Digital Transformation |Innovation | Cyber Security | Program & Strategy Delivery | ICT & Data Management | Financial Inclusion | Cloud Architect| ICT Consultant
OCRmyPDF is the most feature-rich and thoroughly tested command line OCR PDF conversion tool.
OCRmyPDF is a Python 3 application and library that adds OCR layers to PDFs. OCRmyPDF uses Tesseract, the best available open-source OCR engine, to perform OCR.
OCRmyPDF is limited by the Tesseract OCR engine, the PDF specification, and Ghostscript limitations.
By default, OCRmyPDF produces archival PDFs – PDF/A, which are a stricter subset of PDF features designed for long term archives. If regular PDFs are desired, this can be disabled with --output-type pdf option.
If a page in a PDF seems to have text, by default OCRmyPDF will exit without modifying the PDF. This is to ensure that PDFs that were previously OCRed or were “born digital” rather than scanned are not processed.
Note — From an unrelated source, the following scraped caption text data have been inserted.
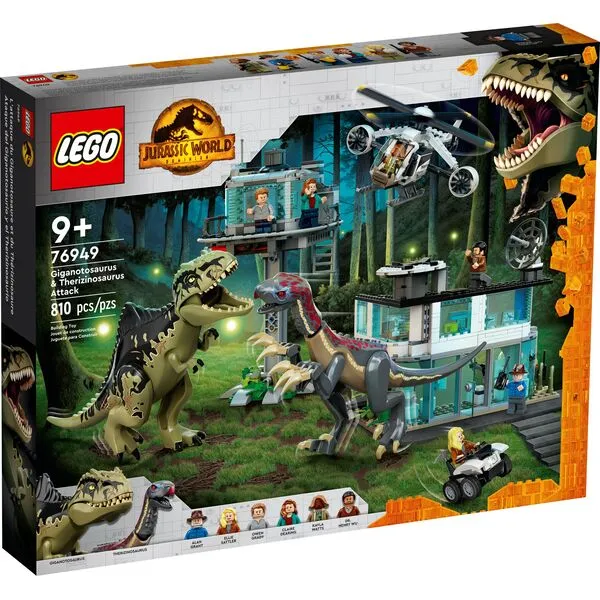 Jurassic World 76949 Атака гиганотозавра и теризинозавра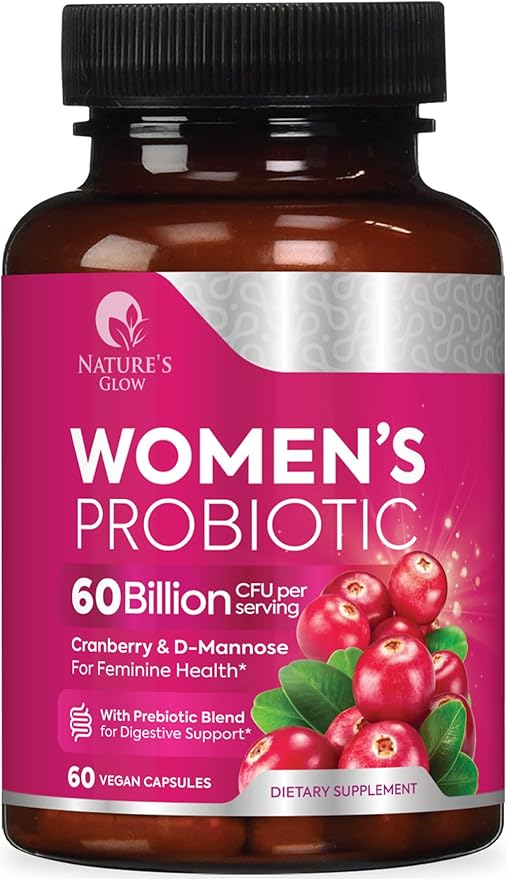 Women Probiotics For Digestive Health - Daily Vaginal PH Balance, Digestive & Feminine Health Support, 50 Billion CFU - 6 Unique Strains for Women - Womens Probiotic With Acidophilus - 60 Capsules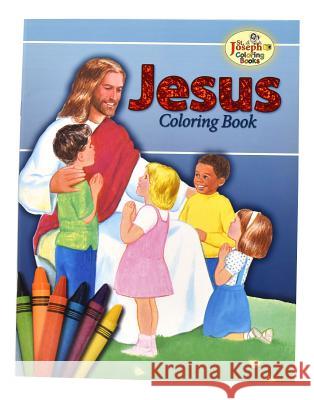 Coloring Book about Jesus Catholic Book Publishing Co 9780899426709 Catholic Book Publishing Company - książka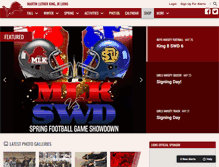 Tablet Screenshot of martinlutherkingathletics.com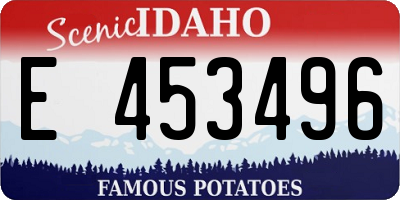 ID license plate E453496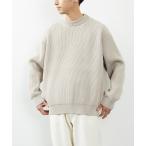 ニット FREAK'S STORE/フリークスストア 【リサイクルポリエステル使用】両畔 クルーネックニット PO/ニット プルオーバー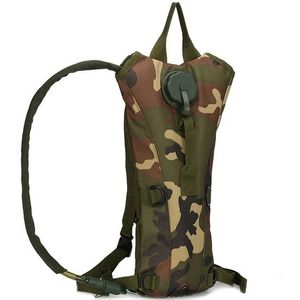 Water Bag Hydration Backpack Outdoor Camping Camelback  Nylon Camel Water Bladder Bag For Cycling(Jungel Camouflage)
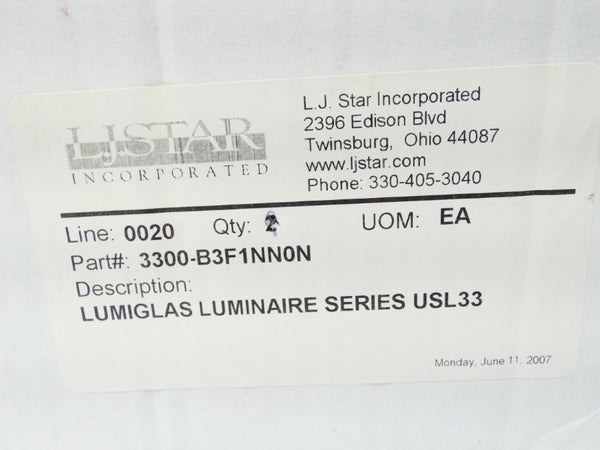 LUMIGLAS 3300-B3F1NN0N 120V NSMP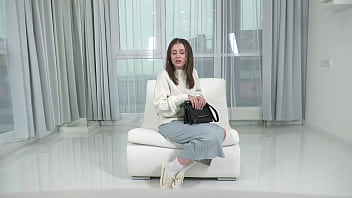 Real virgin beautiful 18yo alesia cage on porn casting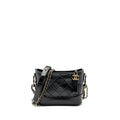 Chanel small Gabrielle hobo bag calfskin black Multicolour hardware
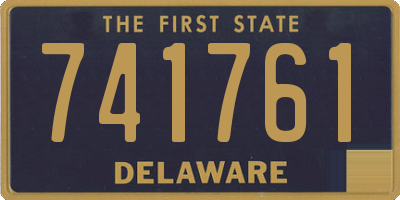 DE license plate 741761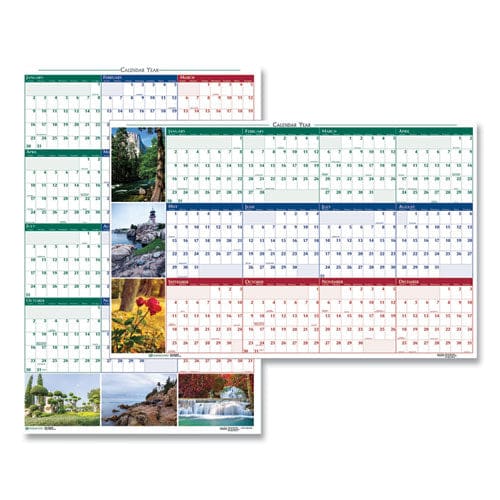 House of Doolittle Earthscapes Recycled Reversible/erasable Yearly Wall Calendar Nature Photos 32 X 48 White Sheets 12-month (jan-dec): 2023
Some Control of OCR options
--skip-text
No OCR will be performed on pages that already have text.
--output-type pdf
Add an OCR layer and output a standard PDF
--rotate-pages
OCR will attempt to automatic correct the rotation of each page. This can help fix a scanning job that contains a mix of landscape and portrait pages.
-l
OCRmyPDF assumes the document is in English unless told otherwise. OCR quality may be poor if the wrong language is used. Example -l eng+fra
--deskew
correct document skew (crooked scan)
--pages
Tell OCRmyPDF to only apply OCR to certain pages. For example --pages 2,3,13-17, Hyphens denote a range of pages and commas separate page numbers
--optimize
Controls optimization. Optimization is performed even if no OCR text is found
--optimize 0: Disables optimization.
--optimize 1: Enables lossless optimizations, such as transcoding images to more efficient formats.
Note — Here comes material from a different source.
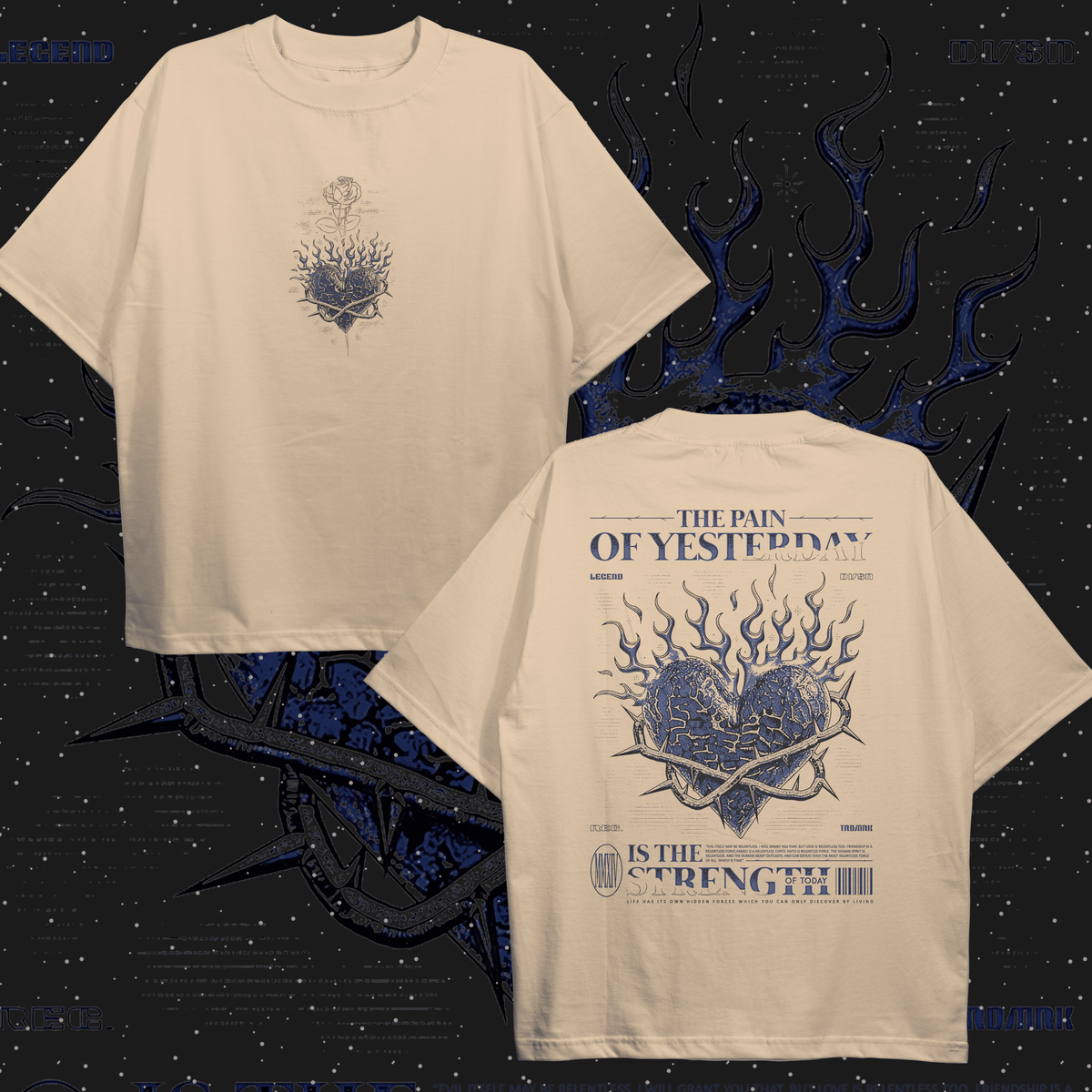 Pain is Strength Oversized T-shirt - HavenWear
--optimize 2: All of the above, and enables lossy optimizations and color quantization.
--optimize 3: All of the above, and enables more aggressive optimizations and targets lower image quality.
Example conversion using Jupiter Notebook (Anaconda)
import ocrmypdf
!ocrmypdf --skip-text --deskew --rotate-pages --clean --optimize 0 input.pdf output.pdf
The output.pdf can thereafter be processed by any pdf to text libraries.
If the PDF contained tables, then you can use Camelot or tabular to extract the tables from output.pdf for further processing.